If you're trying to reduce your insurance costs, you need to fight the ticket until they let you plead not guilty, and you have no conviction. Sometimes it's possible to pay a fine of $100, $200, or $300, where there's is no charge for speeding on your record.
If you get a DUI, how long does that stay on your driving record?
Jared - Mississauga, Ontario
If you get a DUI without losing your license, it's the same as any other conviction: it will affect you for the 3 years that it's on your driving record. If you have multiple events or it's so bad that you lose your license, you could have to restart your licensing, which would also restart your insurance experience from square one.
I've heard there's more than one high risk insurance company out there. Which one has the best rates?

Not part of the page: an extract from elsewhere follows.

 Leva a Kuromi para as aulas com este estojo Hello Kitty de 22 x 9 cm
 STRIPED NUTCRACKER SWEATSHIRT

Brendan - Richmond Hill, Ontario
There is there is no such animal. There are only five high risk insurance companies in Ontario, so working with a broker that has all five makes it really efficient for you because then you can get the entire market view of what's best. It will all be dependent on your situation: what car do you drive; how is your record; what are your tickets; and how much are you driving, and in which city. Answers to those questions will decide which company is best for you. On top of that, those companies will go through restructuring and different strategies and events, so that answer, even for you as an individual, could change. To best navigate the high-risk space it's best to work with a broker that has all five high risk insurance companies
It's like trying to pick the one stock that's going to be the best in the stock market: it's never going to be the best forever.
If I get a careless driving charge, how long will that charge affect my insurance?
Philippe - Kitchener, Ontario
If you get a standalone careless driver charge, and you're able to keep your driver's license, it'll affect you for 3 years. If it's more severe and you lose your license, then you could start from square one of rebuilding year insurance history.
If I hit black ice and go off the road and crash my car, how long will that impact my insurance?
Mo - Toronto, Ontario
This is a common question. The general saying for this is: if you're going drive a car, you're charged with the absolute care, custody, and control of the car. If the weather conditions only permit you to drive a few miles an hour to remain safe, it's your obligation to remain safe. So if you drove at an unsafe speed or at an unsafe time on unsafe road, it's going to affect your insurance, just as if you had hit somebody else, or a tree, or a ditch—you were in control of your car.
It's the same as with any other accident; most companies will look at that accident for 6 years, but it's becoming more common for companies to look at accidents going back 10 years, and some up to 20 years. That's to say that you'll get most of your discounts in the first 6 years of accident-free driving, but they'll give you progressively more discounts as you get to 10 years of accident-free driving, and now with some companies, up to 20 years accident-free driving.
If I get into an accident driving my own car while my license is suspended, will my insurance company still cover the damage to my car?
Maria - Toronto, Ontario
The short answer is no. If you get into an accident with a suspended license or cancelled license, your insurance won't cover it. You need to have a valid license in force to drive for the insurance to be in effect. There's no difference between crashing your car on a suspended license, or a cancelled license, or if you've never been licensed.
Note: The information above is for general purposes and does not constitute legal advice. Be sure to talk to your broker if you have more specific questions about insurance, and especially if you need answers that are specific to your circumstances.